Hackesscher Markt S-Bahn Station
 The Hackescher Markt is a large market in the centre of East Berlin. It's also a rather nice station of the S-Bahn, Berlin's other, rather grander metro system. This was another one which attracted some nice comments, from a group of Spanish people no less, who turned out to know Catral quite well.
Hackescher Markt - catching the M6 tram to the hotel
I'll be honest, I couldn't get much enthusiasm for sketching Berlin's sleek, modern and highly efficient trams - this is the only sketch I made on the spot.

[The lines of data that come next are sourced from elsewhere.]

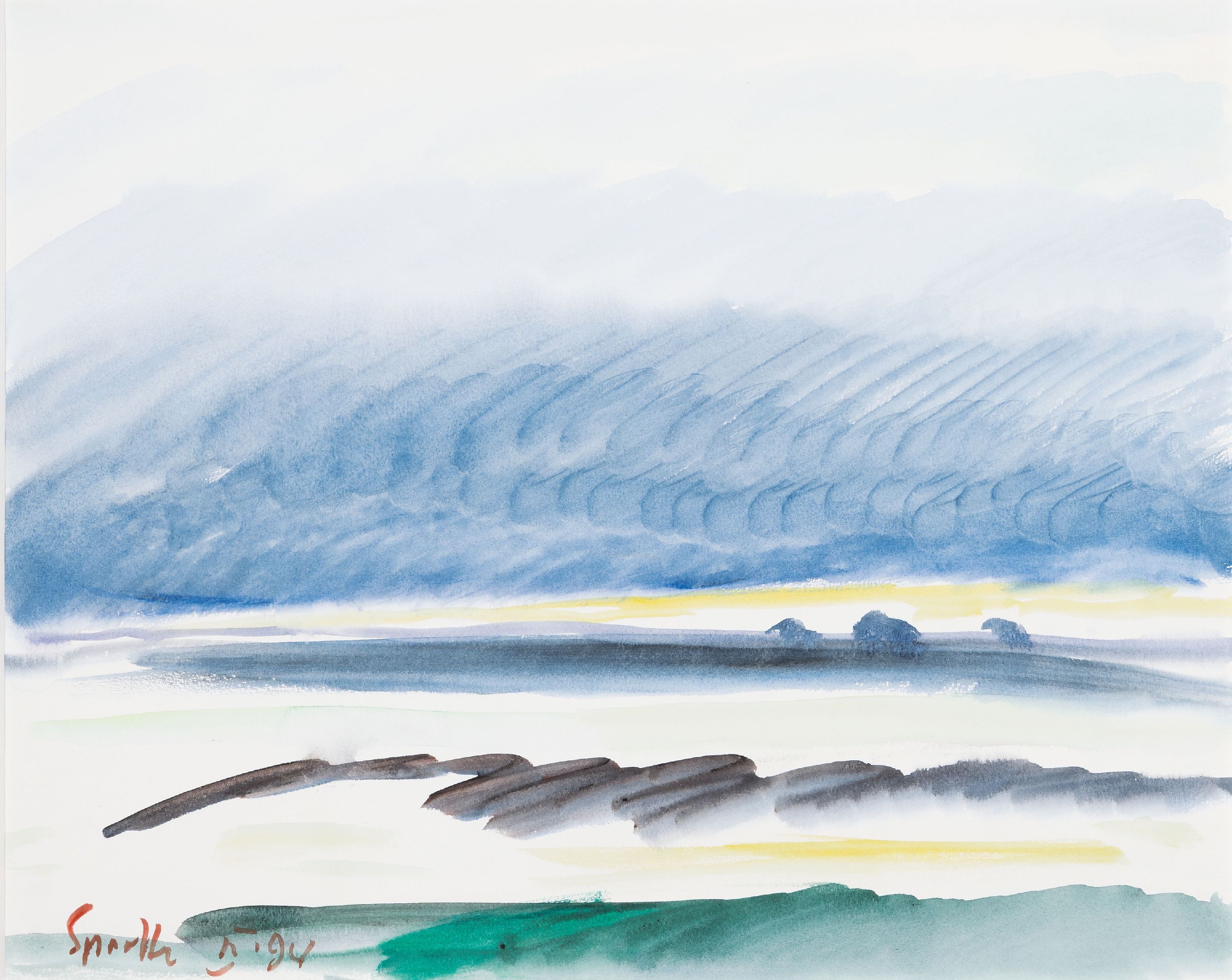Siegward Sprotte, 1913 Potsdam-2004 Kampen/ Sylt, See-Stimmung, Aquarell auf Papier, links unten sign. und dat. 94, ca. 40x49cm, PP, u.Gl., R. ca. ...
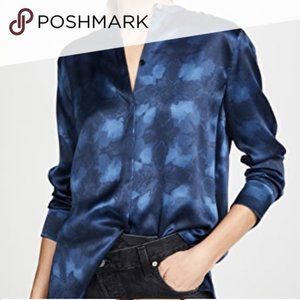 Vince Winter Tie Dye Silk Blouse
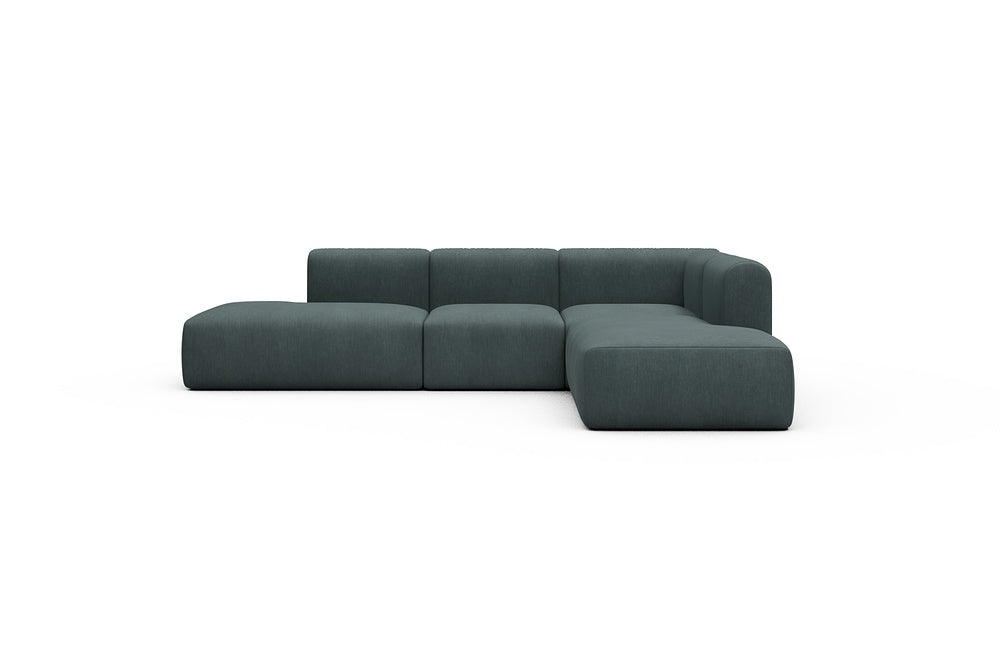 Rund Casual Modular Sofa - Configurations 1 - F2H - 296 x 224 cm - Open-end + 2 Seater + Open-end - 573 Vivus Dusty Blue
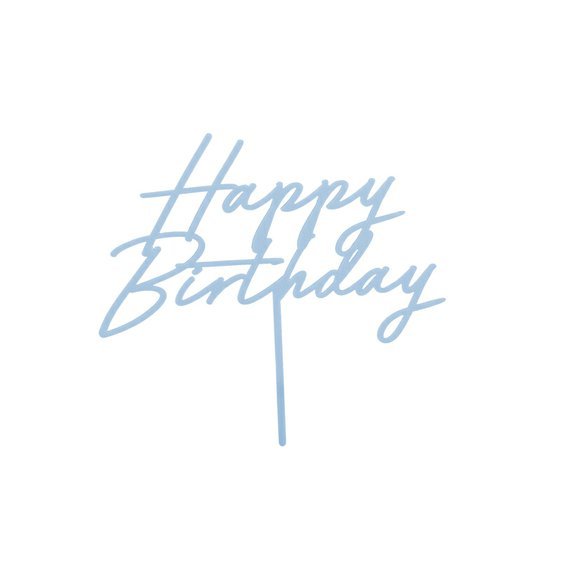 Akrylový dortový zápich “Happy Birthday” MODRÝ - Obr.1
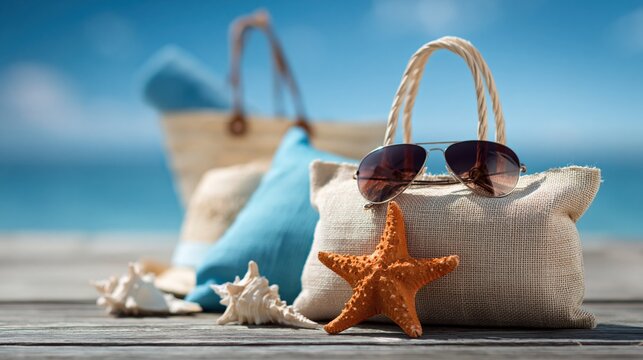 Summer beach accessories flat lay with bag sunglasses starfish and seashells on wooden pier with blue sea background and copy space for holiday travel concepts.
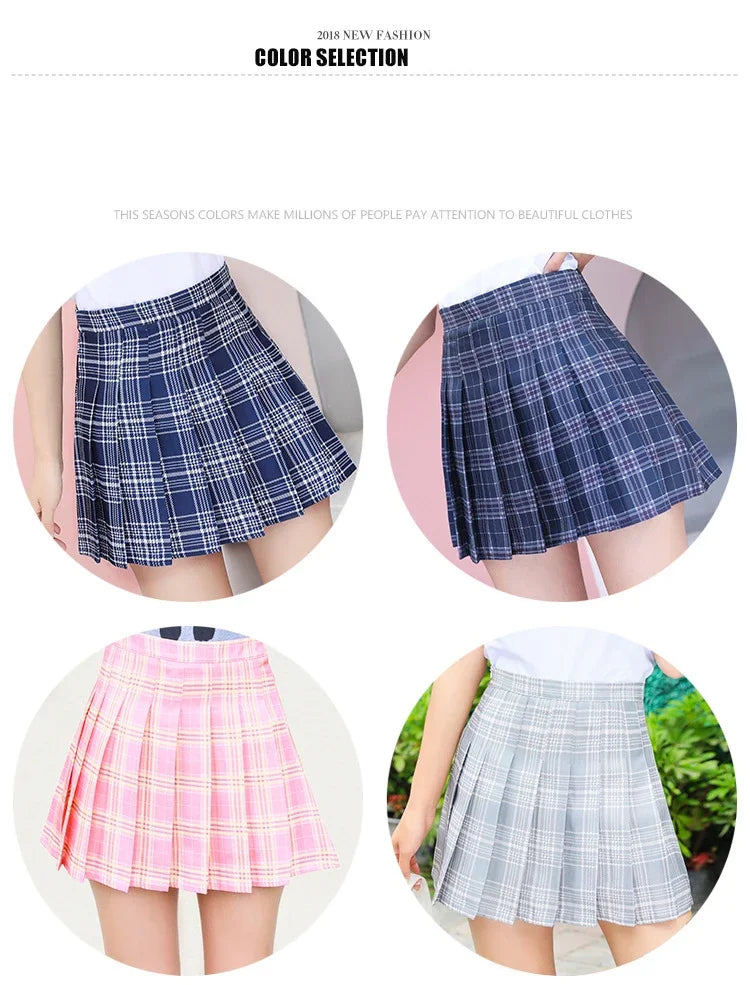 HELIAR Women Plaid Sweet Pleated Skirts Preppy Style A-line High Waist Mini Skirts Harajuku Slim Sexy Skirts Summer Spring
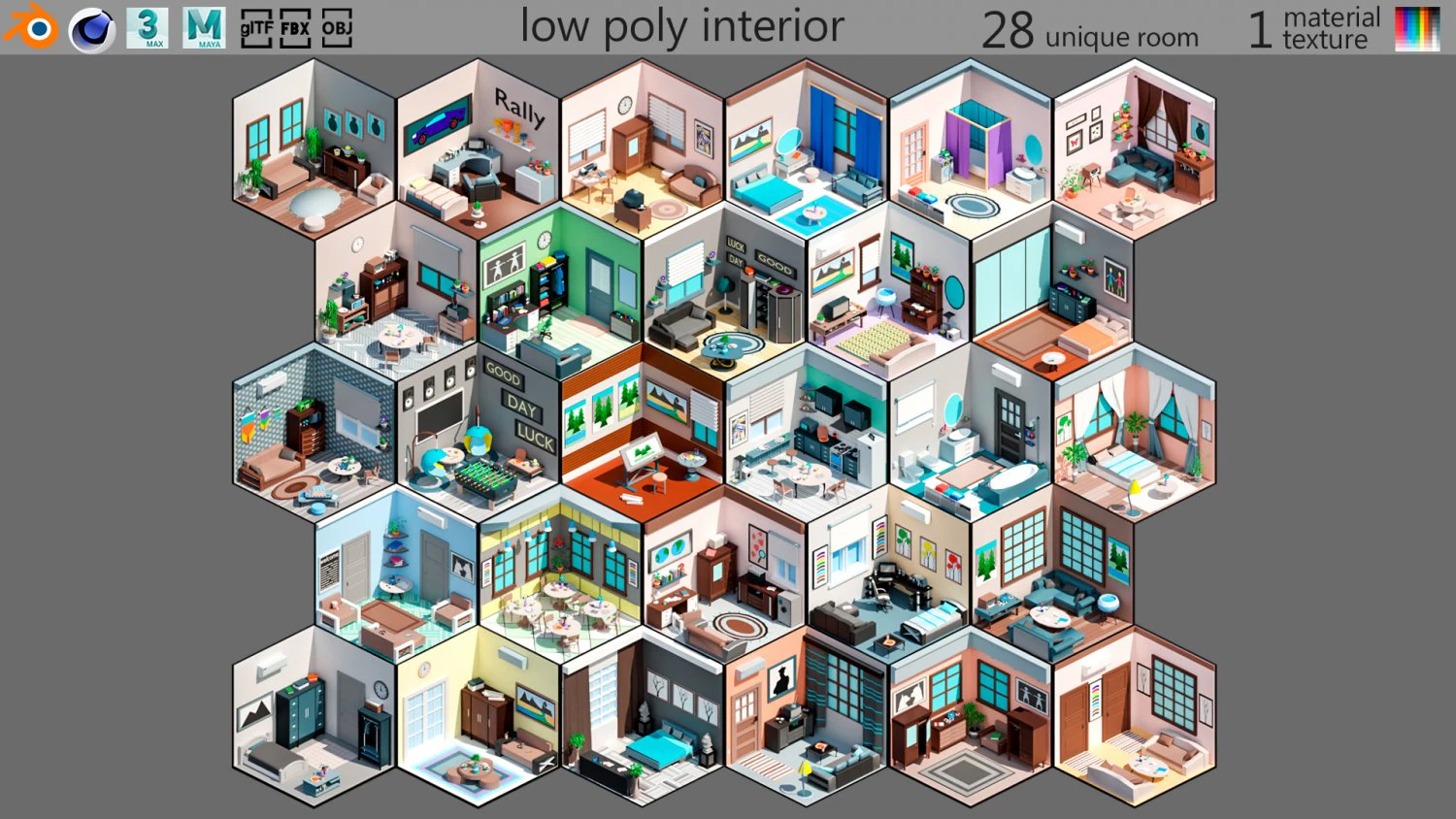 Low poly interior 3 3D Model .c4d .max .obj .3ds .fbx .stl .blend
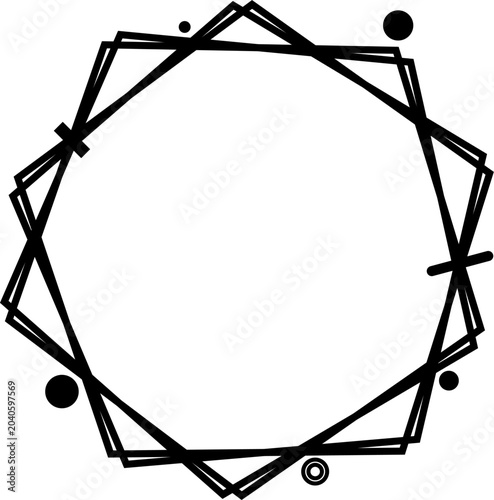 Photos Black interlocking polygon, geometric line frame, abstract symbol vector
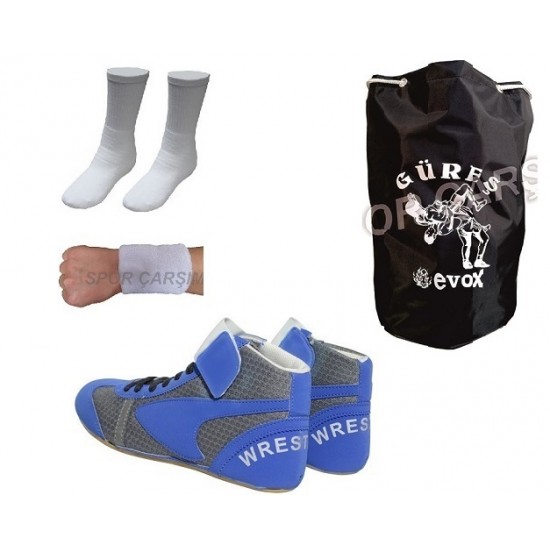 Schimilton Güreş Ayakkabısı Yetişkin,Evox Güreş Çanta,Çorap,Havlu Bileklik 35-44 Numara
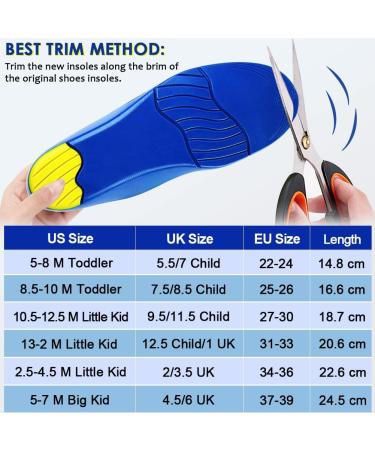 ROCKTAKIN Kids Arch Support Shoe Inserts - Orthotic Insoles for Flat Feet & Plantar Fasciitis - Heel Pain Relief - Blue (2.5-4.5 M US Little Kid) - Buy Online on GoSupps.com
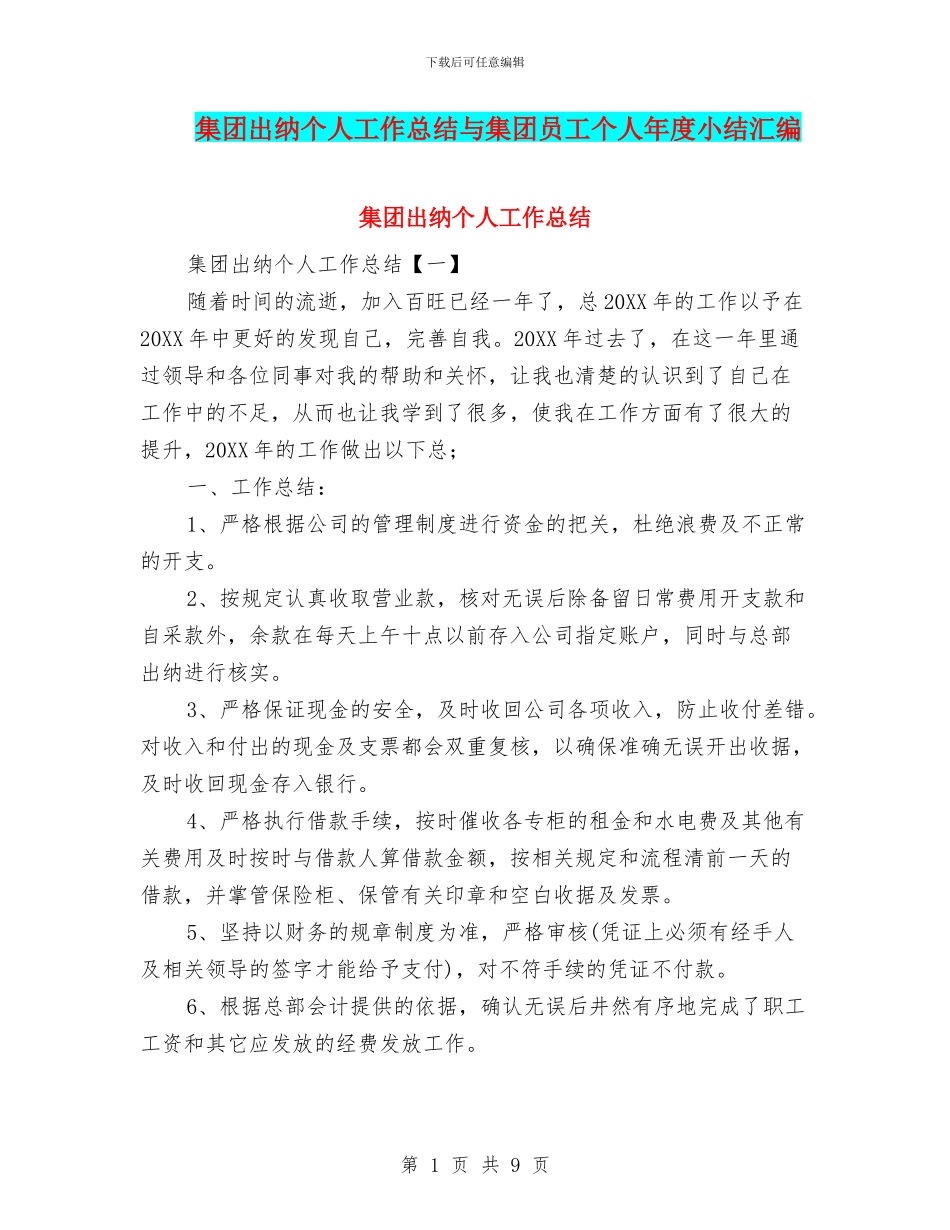 集团出纳个人工作总结与集团员工个人年度小结汇编_第1页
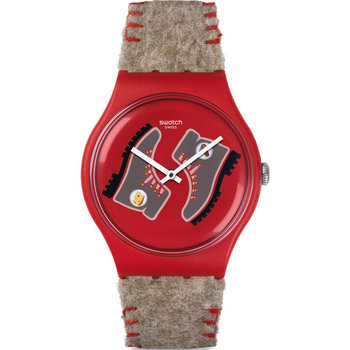 SWATCH Swissness Randonneur Brown Combined Materials Strap
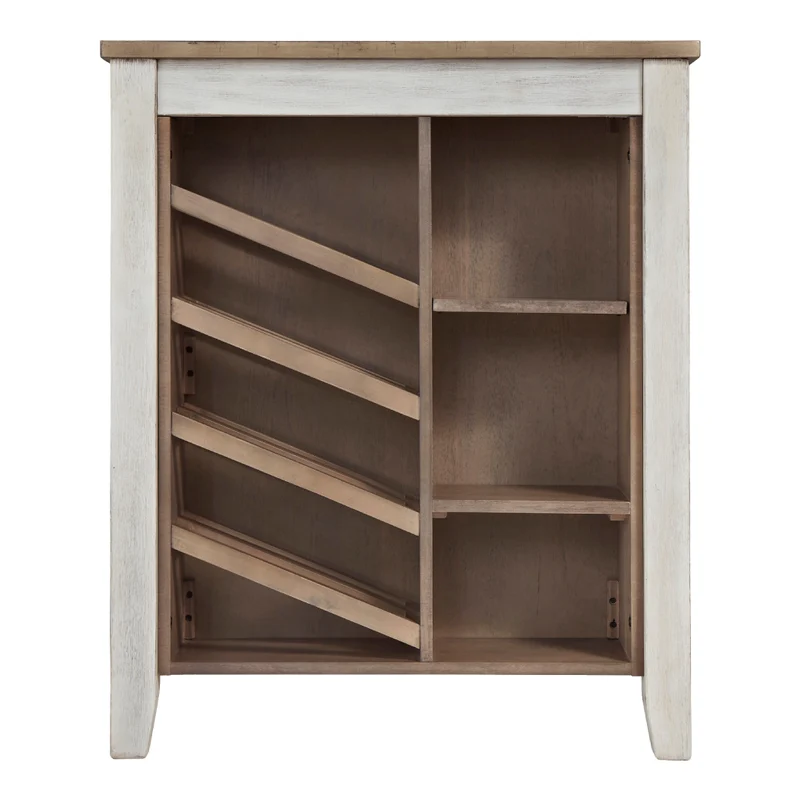 Table de salle à manger style bistro en bois bicolore avec rangement - Skempton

This one was done from photos later-
.

10) Spain - Alicante Area - Catral-Dolores-La Marina area - Early August 2017

Church - outside Dolores
 Confession time. I saw this church as we waited by traffic lights in the car, and took a phot. This line and wash is based on that photo, and not made on the spot, sadly. It would have held up the traffic if I'd tries to do it in situ.
El Pinet Beach nr. La Marina
 This I did do sitting on the sand by the water's edge, and it's not too bad thought I say it myself.
Catral - late breakfast
 Will you please put your pen and your sketchbook down and eat your breakfast - I think that's what they said while I was doing this one. To which the answer was - no, sorry.
Catral Saturday morning market
 Too hard to stand painting in the market so had to make do with an ink sketch . I found that I got far more interested in combining figures to make the picture than I was in the scene itself.
Catral - evening in main street
Again - will you please put your bleep sketchbook down so we can go in and eat. We had a lovely Chinese meal too once I finished this one.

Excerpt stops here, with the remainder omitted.